→ **What is needed**
Could you give back exactly the lines below from the one with "So let's see" through the one with "Hi! Welcome to", without a single picture?
─── Data excerpts
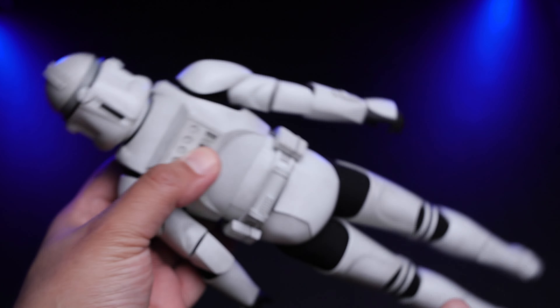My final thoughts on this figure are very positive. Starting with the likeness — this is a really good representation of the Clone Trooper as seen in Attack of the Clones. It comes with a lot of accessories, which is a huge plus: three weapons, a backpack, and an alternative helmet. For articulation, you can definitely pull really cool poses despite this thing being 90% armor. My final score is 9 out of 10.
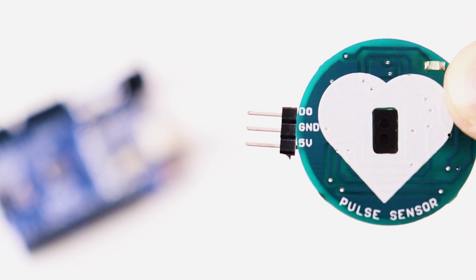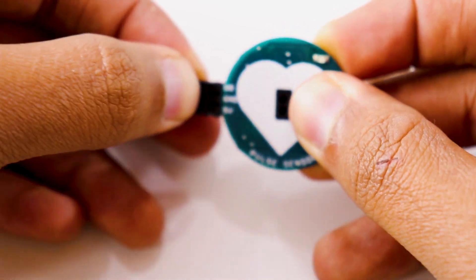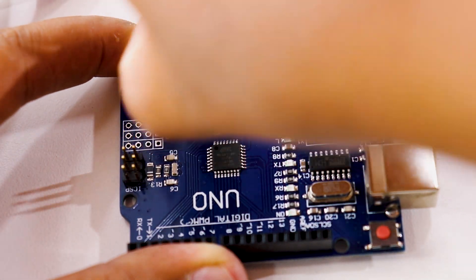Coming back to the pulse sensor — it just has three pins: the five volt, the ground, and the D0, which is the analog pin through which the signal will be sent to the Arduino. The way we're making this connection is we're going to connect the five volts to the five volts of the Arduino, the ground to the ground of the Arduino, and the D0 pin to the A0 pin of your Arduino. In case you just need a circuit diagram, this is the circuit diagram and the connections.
──────
─── Data excerpts
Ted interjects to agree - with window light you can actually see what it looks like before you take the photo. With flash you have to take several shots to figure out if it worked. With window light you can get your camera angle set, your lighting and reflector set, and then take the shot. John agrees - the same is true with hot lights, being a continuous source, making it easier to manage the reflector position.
──────
─── Data excerpts
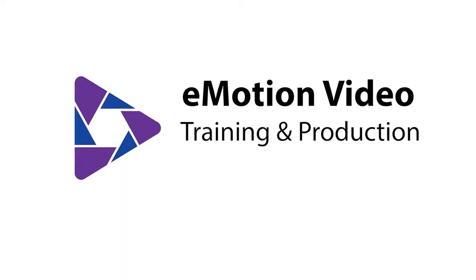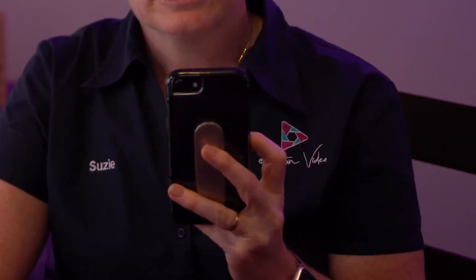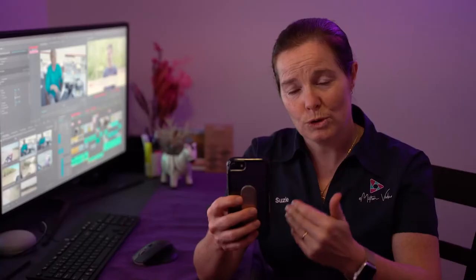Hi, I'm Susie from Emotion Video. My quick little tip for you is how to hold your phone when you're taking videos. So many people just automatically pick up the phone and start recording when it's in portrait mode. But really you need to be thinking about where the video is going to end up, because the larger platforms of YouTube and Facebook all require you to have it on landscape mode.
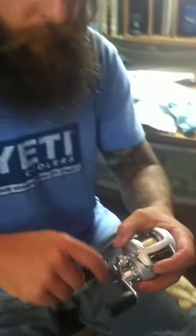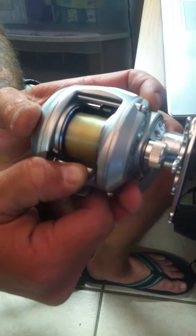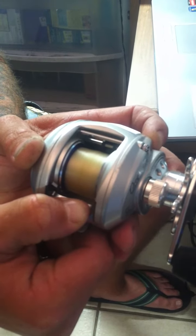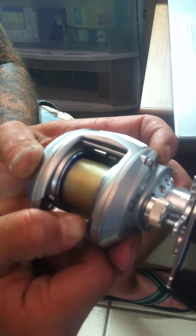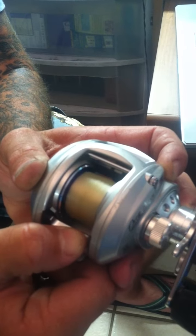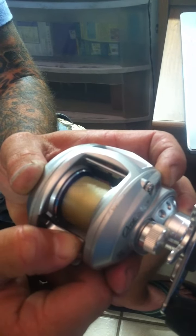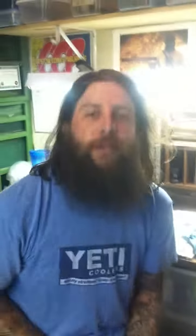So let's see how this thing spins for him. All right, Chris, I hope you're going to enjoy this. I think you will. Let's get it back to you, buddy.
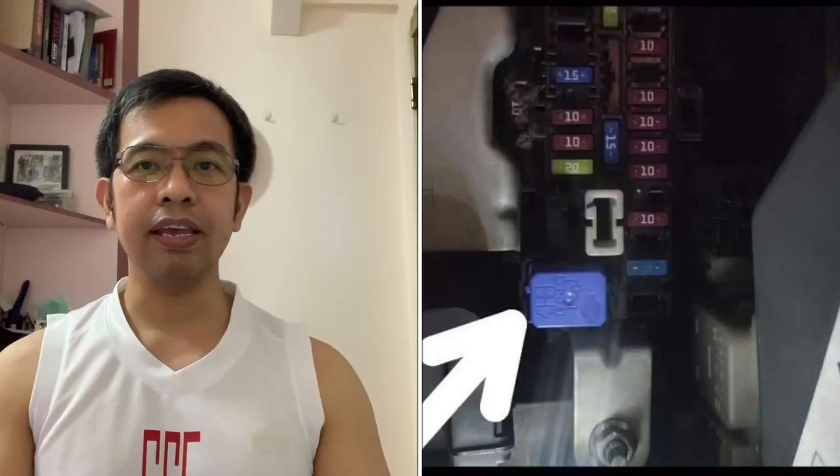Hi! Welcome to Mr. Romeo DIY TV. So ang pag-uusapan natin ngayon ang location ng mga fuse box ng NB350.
──────
→ **Final answer**
So let's see how this thing spins for him. All right, Chris, I hope you're going to enjoy this. I think you will. Let's get it back to you, buddy.
Hi! Welcome to Mr. Romeo DIY TV. So ang pag-uusapan natin ngayon ang location ng mga fuse box ng NB350.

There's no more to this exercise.